Folha de São Paulo
21/05/2013
"China é uma potência solitária, sem grandes aliados", diz
especialista americano
PATRÍCIA CAMPO MELLO
Um dos maiores especialistas do mundo em China, David Shambaugh, afirma que há
um "hype exagerado" em relação à influência chinesa no mundo. "A China está
superestimada, ela é apenas uma potência parcial, não é uma superpotência e nem
será no médio prazo", disse Shambaugh àFolha.
O especialista, que é diretor do programa sobre a China na Universidade George
Washington, acaba lançar o livro "China Goes Global: the partial power". Ele esteve no
Brasil para uma palestra na Fundação iFHC. "A China não tem soft power, ninguém
quer emular os chineses", diz. "China é uma potência solitária, que não tem grandes
aliados. Os únicos aliados são Camboja, Paquistão, Coreia do Norte e Rússia."
Shambaugh acredita que o crescimento da China deve desacelerar para cerca de 5%
em 2020.
Abaixo, trechos da entrevista que ele concedeu à Folha.
Folha - O sr afirma que a China ainda é uma "potência parcial". O que falta para a
China se transformar em uma superpotência?
David Shambaugh - Economicamente, a coisa mais importante que a China precisa
fazer para se tornar uma verdadeira superpotência é desenvolver inovação.

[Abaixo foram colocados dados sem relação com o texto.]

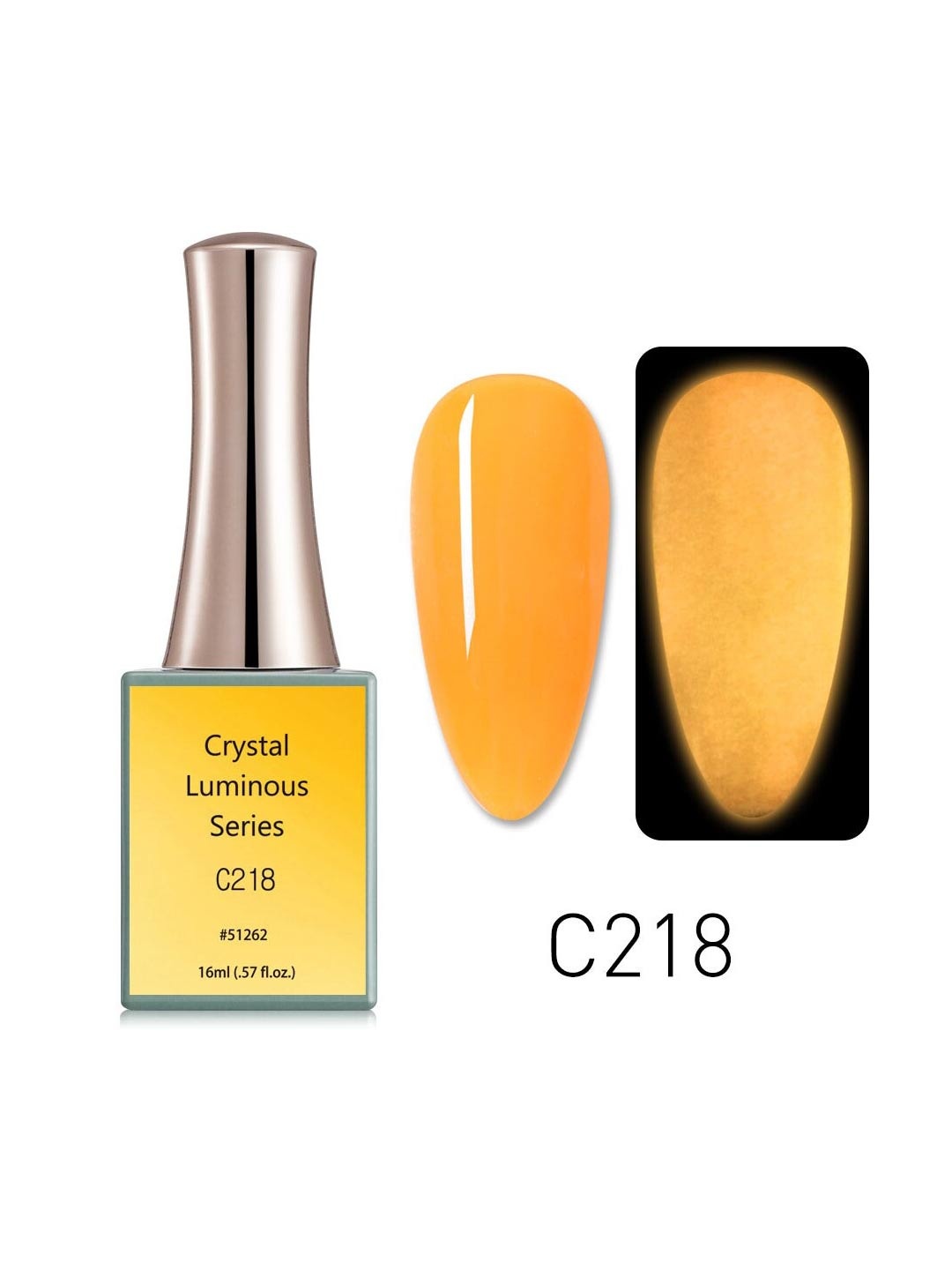 

CANNI Crystal Luminous Series UV LED Gel Nail Polish - C218, Orange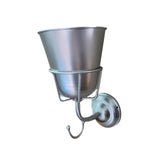 Maxbell Wall Mounted Vessel Rack Handmade Home Decoration for Outdoor Flowers Summer Silver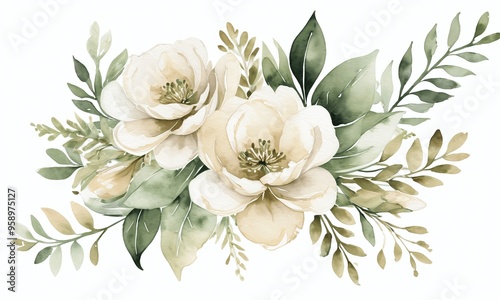 White flowers bouquet with green leaves generative AI illustration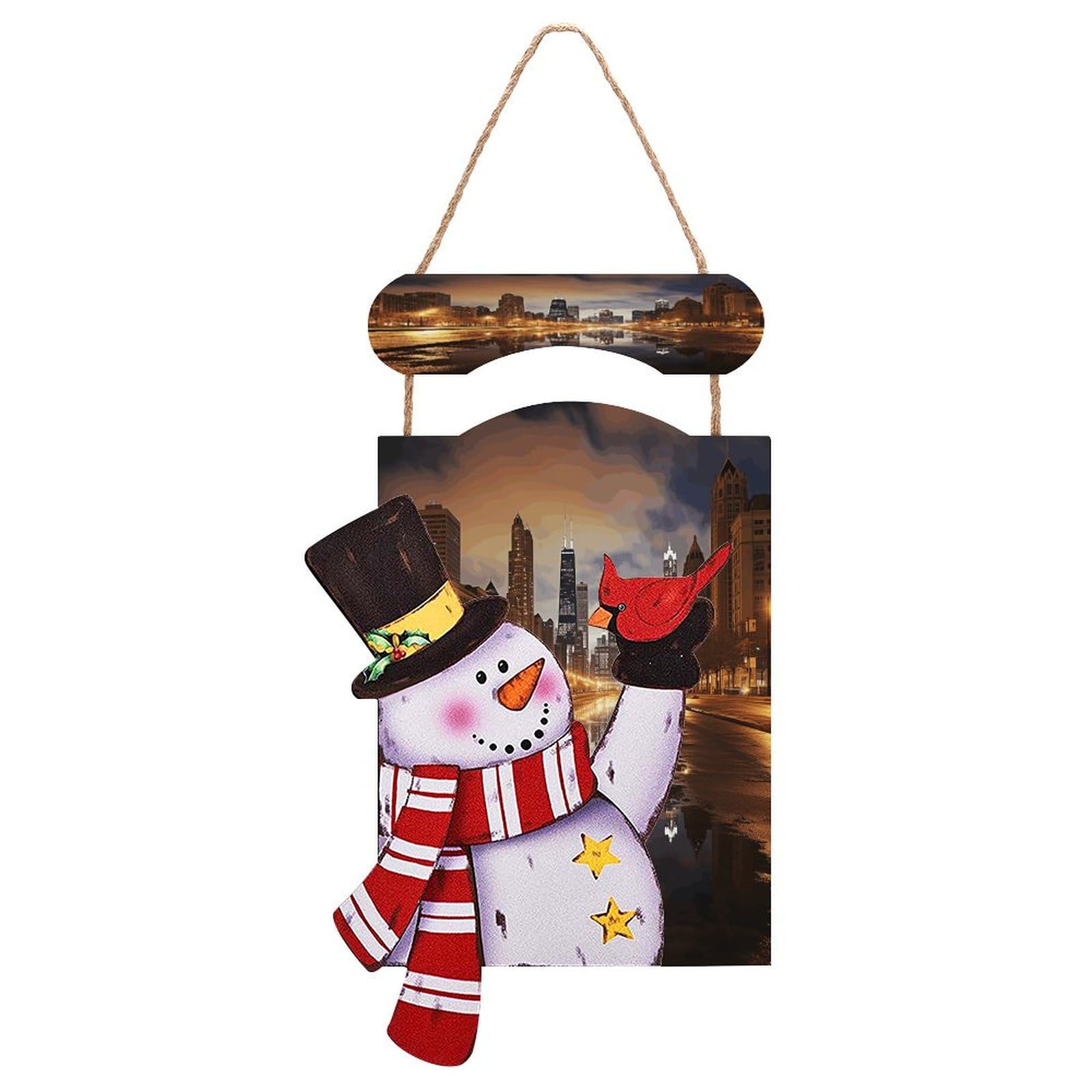 Panneau en bois bonhomme de neige d'hiver avec finition artisanale et corde de lin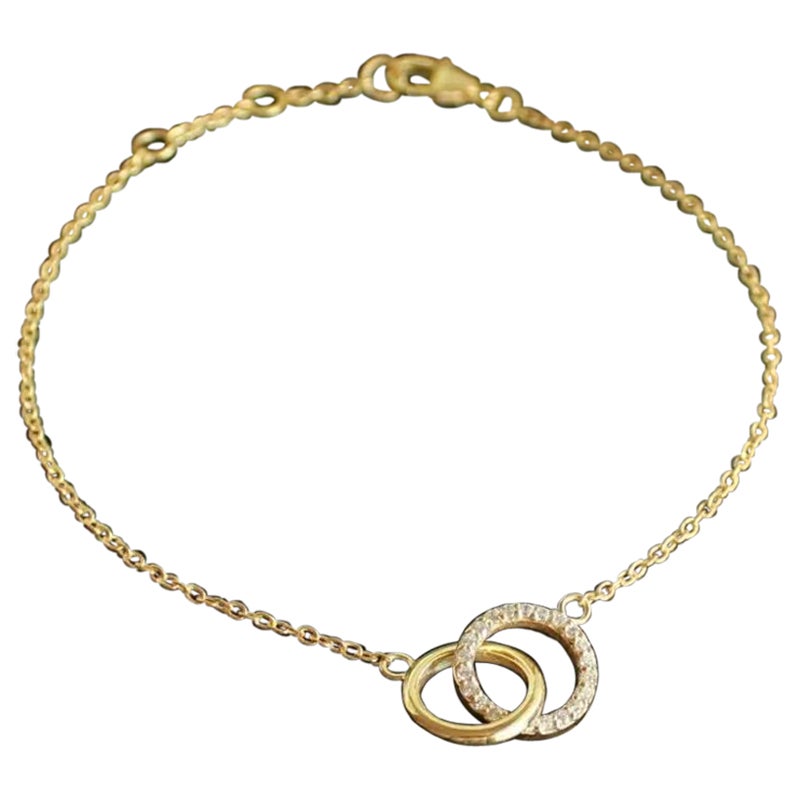 14k Massivgold Eternity-Armband mit ineinandergreifenden Kreisen und Kette im Angebot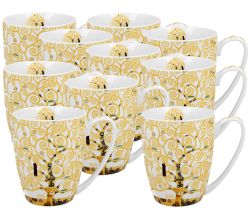 10er SET DUO ART GALLERY Klassischer Becher 360 ml TREE OF LIFE Ecru inspired by Gustav Klimt New Bone China Porzellan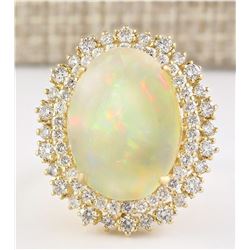 9.91 CTW Natural Opal And Diamond Ring In 18K Yellow Gold
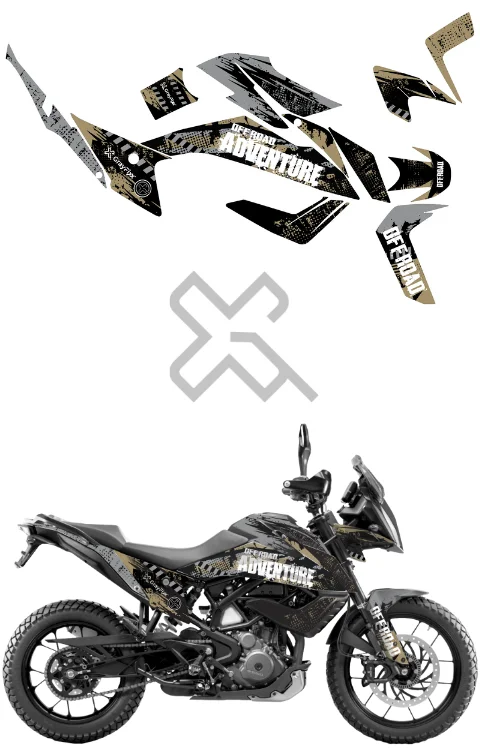 Off Road Edition Full Body Sticker Compatible with Adventure 250/390 | Made In Premium Matte Vinyl With FPF (Fade Protection Film), Water Proof, Precut Sticker, Pack Of 1 Compatible with Both Side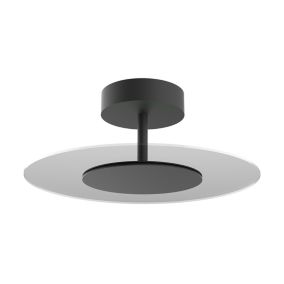 LUMICOM - ORIENT Plafonnier, LED INTEGREE, 12W, 4000K, plexiglas/métal, noir mat, D.40cm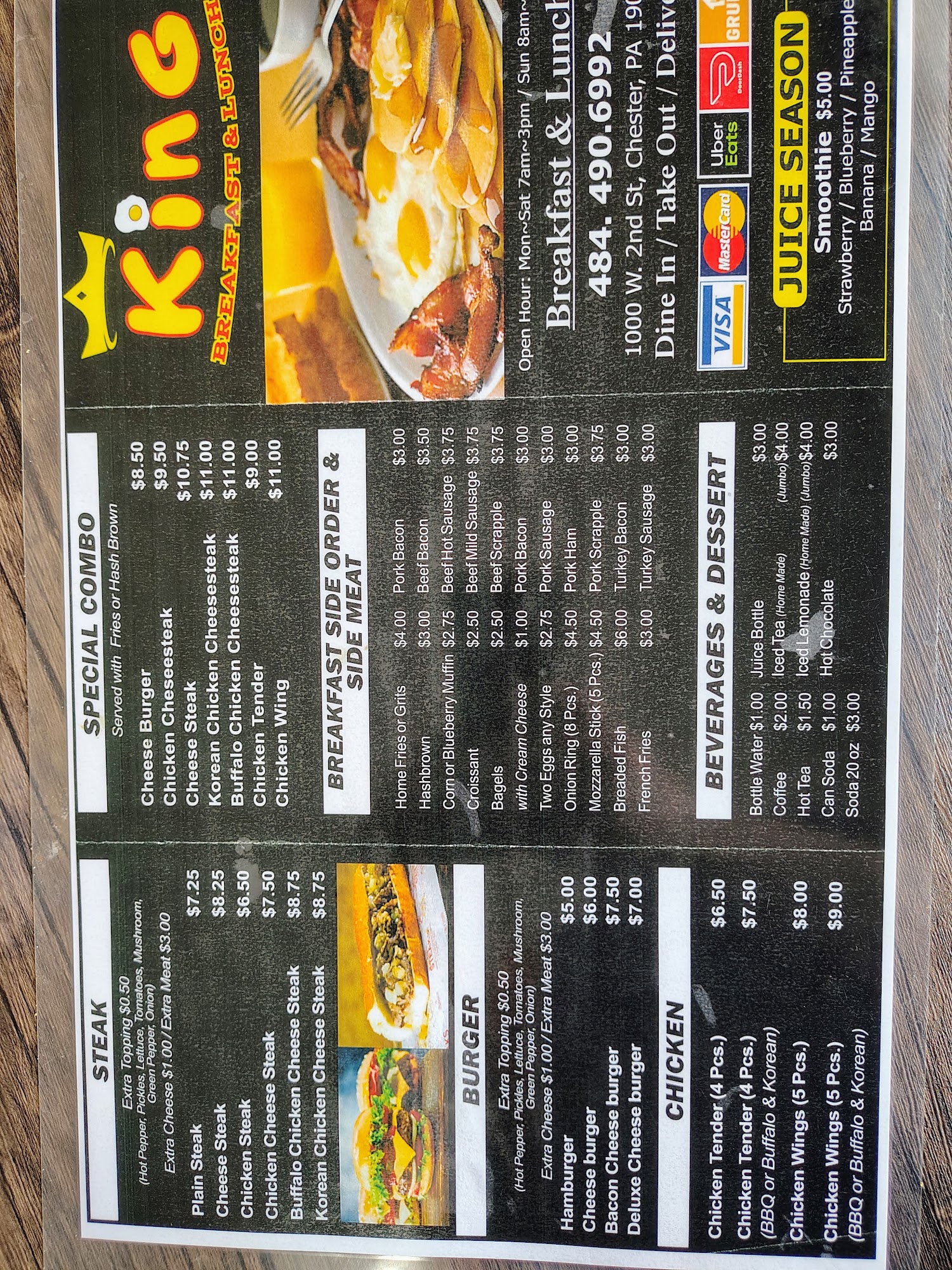 King Breakfast & Lunch - King Wings & Seafood Menu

A China
não é uma sociedade inovadora, é uma sociedade da cópia, apesar de todo o
investimento em pesquisa e desenvolvimento. A China já é uma potência comercial,
em volume, mas os produtos que saem do país não são desenhados lá, são apenas
montados lá. Se eles não se tornarem uma economia de inovação, como a Coreia e o
Japão fizeram, ficarão presos na armadilha de país de renda média para sempre.
E militarmente?
A China precisa ser capaz de projetar poder globalmente, e atualmente eles só
conseguem fazer isso em sua região. Eles não têm bases no exterior. Sua marinha é
grande, e eles são muito poderosos na Ásia. Mas, por enquanto, só na Ásia.
Mas os Estados Unidos vêm cortando brutalmente seus gastos em defesa, isso
não pode mudar a dinâmica no médio prazo?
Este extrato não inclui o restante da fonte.